INPUT MATERIAL:
════
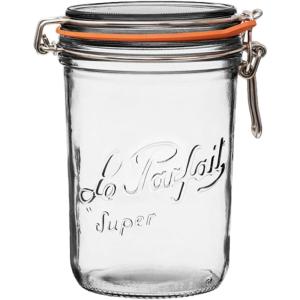 Le Parfait Super Terrine Jar | 12oz (Pack of 6) 350ml French Glass Jar, Airtight Rubber Seal & Glass Lid | Glass Jars for Kitchen Organization and Storage Containers for Essentials(1L (Single))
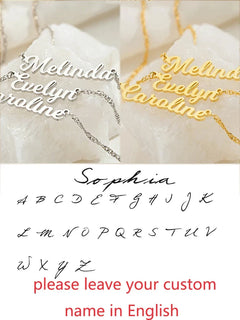 Custom Different Font Name Pendant Necklace for Woman Girls Stainless Steel Nameplate Personalized Choker Necklaces Jewelry Gift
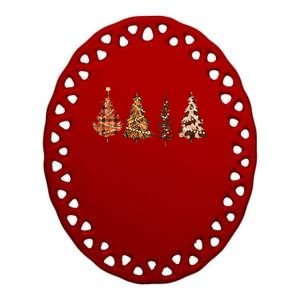 Western Howdy Xmas Tree Lights Christmas Matching Family Ceramic Oval Ornament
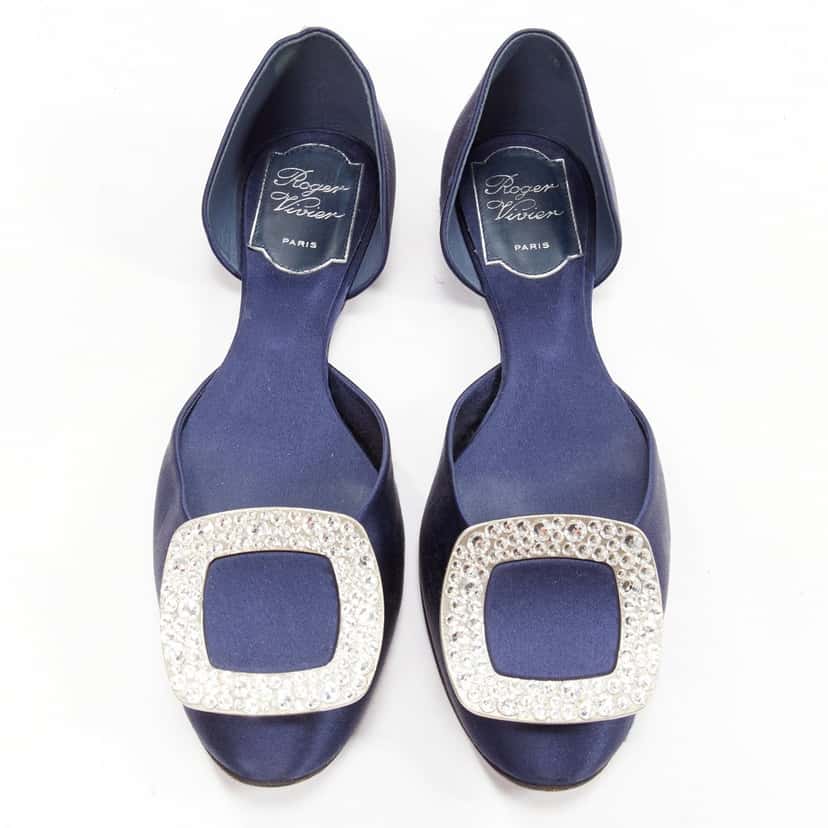 Roger Vivier Chips Strass Navy Very good condition - Front View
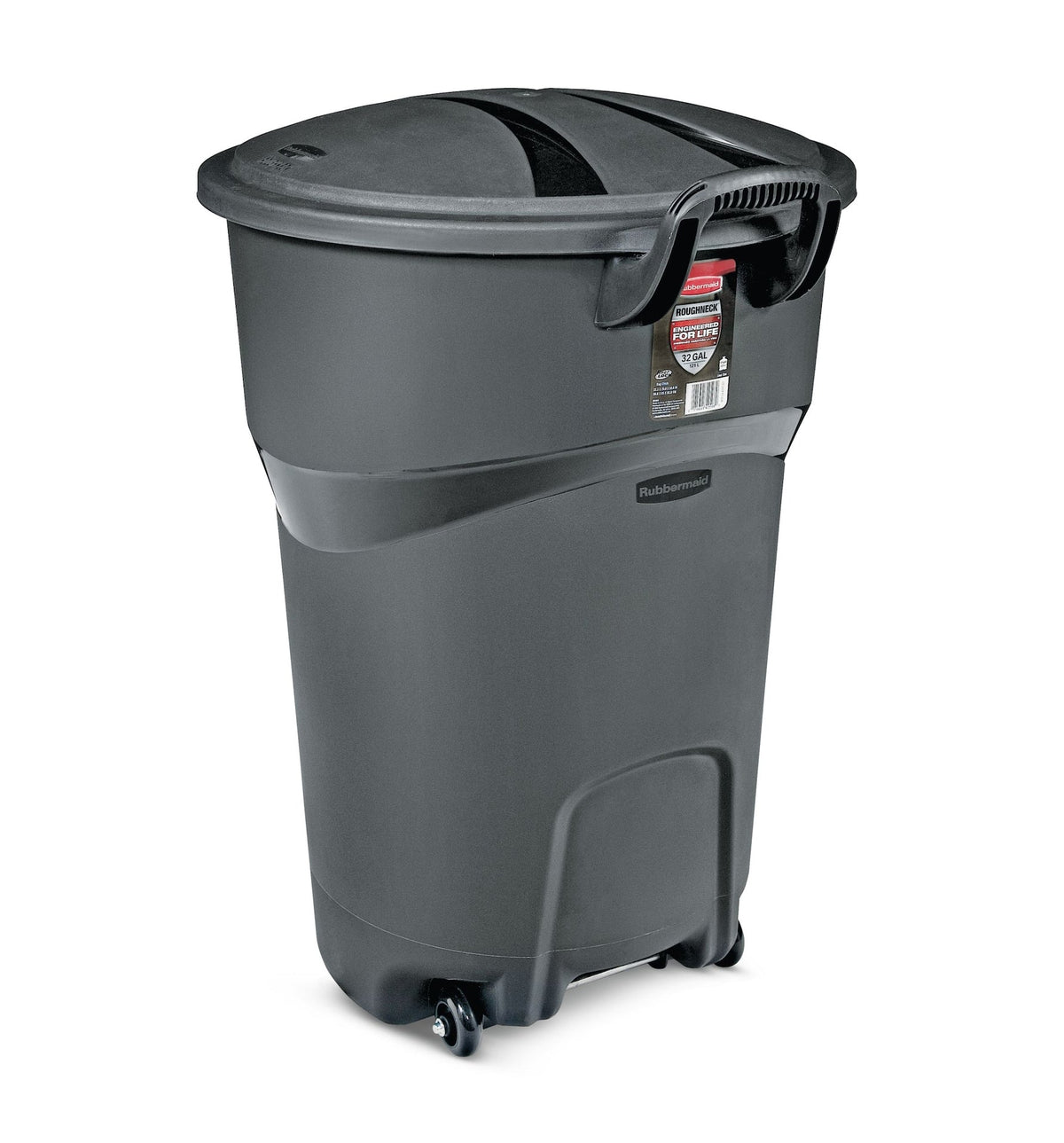 Plastic Circular Wheeled Garbage Can with Handle, Black, 121-L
════
ASSIGNMENT:
Omit the pictures, then output every record exactly as given.

TASK RESPONSE:
 Le Parfait Super Terrine Jar | 12oz (Pack of 6) 350ml French Glass Jar, Airtight Rubber Seal & Glass Lid | Glass Jars for Kitchen Organization and Storage Containers for Essentials(1L (Single))
 Custom Different Font Name Pendant Necklace for Woman Girls Stainless Steel Nameplate Personalized Choker Necklaces Jewelry Gift
 Western Howdy Xmas Tree Lights Christmas Matching Family Ceramic Oval Ornament
 Roger Vivier Chips Strass Navy Very good condition - Front View
 Plastic Circular Wheeled Garbage Can with Handle, Black, 121-L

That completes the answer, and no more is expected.